Pensamos que é um problema de liberdade de expressão. Os filtros nunca são uma medida adequada para tratar problemas de liberdade de expressão. Em teoria, sempre que alguém fala pode estar cometer um crime; pode estar a fazer um difamação ou uma injúria, mas nunca se justifica só por si que se recorra a mecanismos tecnológicos preventivos que controlem o que uma pessoa pode dizer. Há mais dois pontos importantes: um deles é que sabemos que os filtros automáticos não resultam. Sabemos que os filtros automáticos não conseguem distinguir uma utilização lícita de uma utilização ilícita. É uma limitação tecnológica; já sabemos à partida que não vai resultar. Além disso, sabemos que o artigo 13º vai ser benéfico para a Google, porque é a única empresa que tem um sistema de identificação de conteúdos que custou 100 milhões de euros a desenvolver… e nenhuma outra plataforma, principalmente entre empresas europeias, vai conseguir ultrapassar essa barreira de mercado para competir com a Google.
Além das críticas aos filtros e ao artigo 13º, a D3 também já se pronunciou contra o artigo 11º da Diretiva… no vosso entender o que tem este artigo de errado?
Em nosso entender o artigo 11º é uma medida inadequada que não vai resultar… como também não resultou na Alemanha e na Espanha. O artigo 11º tem um texto muito mais geral, não entra em especificidades como entra o artigo 13º. Não creio que haja grandes mudanças ao nível do 11º artigo (durante os trílogos). É um artigo bastante polémico, mas como o texto não entra em detalhes, e é muito vago torna mais difícil a modificação (durante os trílogos).
E por que é que está contra as plataformas da Internet pagarem aos jornais e jornalistas pelas respetivas publicações?
É o problema do financiamento do jornalismo. Já foi demonstrado que que uma medida similar ao artigo 11º não resultou em Espanha e na Alemanha. É uma medida que não vai funcionar e que é inadequada. Opomo-nos que seja obrigatório o pagamento por links, snippets, ou outros processos similares que acabe por desincentivar a partilha de conteúdos jornalísticos profissionais.
O blogger Wuant ao tomar aquela posição conseguiu ou não criar um movimento contra os polémicos artigos da Diretiva dos Direitos de Autor?
Espero que sim e consideramos muito positivo que os jovens estejam a interessar-se pelo tema. Não podemos esperar que youtubers tenham o rigor dos jornalistas. A imprensa tem um papel fundamental a cumprir – e que é o papel de esclarecer as pessoas.
Sim, e é devido a esse tipo de rigor que faz sentido lembrar que a nova Diretiva não vai acabar com a Internet!

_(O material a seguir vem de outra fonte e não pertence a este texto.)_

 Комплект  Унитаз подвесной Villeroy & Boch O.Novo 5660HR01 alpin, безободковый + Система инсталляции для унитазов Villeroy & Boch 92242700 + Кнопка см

A expressão «a Internet, como a conhecemos, vai acabar» é suficientemente lata para pôr tudo e mais alguma coisa lá – ou simplesmente não pôr lá nada. A parte da frase relativa ao «como conhecemos» dá para tudo e mais alguma coisa.
Acredita que esta Diretiva dos Direitos de Autor vai acabar por fomentar a participação política dos mais jovens?
Esta diretiva já bateu recordes antes de começar (o debate). Ainda antes de a Diretiva ser proposta, a consulta pública levada a cabo pela Comissão Europeia bateu recordes de participação. Os eurodeputados foram contactados imensamente pelos cidadãos europeu. O que levou até a alegações sobre a suposta compra de bots pela Google. Não foi esse o caso. Há um interesse genuíno. As pessoas estão preocupadas. Os youtubers tornaram a escala ainda maior – especialmente em Portugal. Para nós, este tema vai ser muito importante junto do eleitorado mais jovem.
Quando se prevê que este processo legislativo termine?
O que se diz nos corredores de Bruxelas é que o processo legislativo deverá estar fechado este mês para que possa ser aprovado algures em Janeiro. Era importante ou conveniente que o texto fosse o mais tarde possível, nomeadamente, perto das eleições europeias de 2019.
A D3 prevê vir a lançar alguma medida para contrariar a Diretiva?
Não temos nada em concreto, mas queremos tornar num dos grandes pontos das eleições europeias, especialmente junto de um eleitorado mais jovem.
NOTA: texto emendado depois de alerta de Eduardo Santos, que que esclareceu ter aludido à «compra de bots pela Google» e não à «compra de votos pela Google». A similaridade sonora induziu o erro na transcrição desta entrevista. As nossas desculpas aos visados e aos leitores.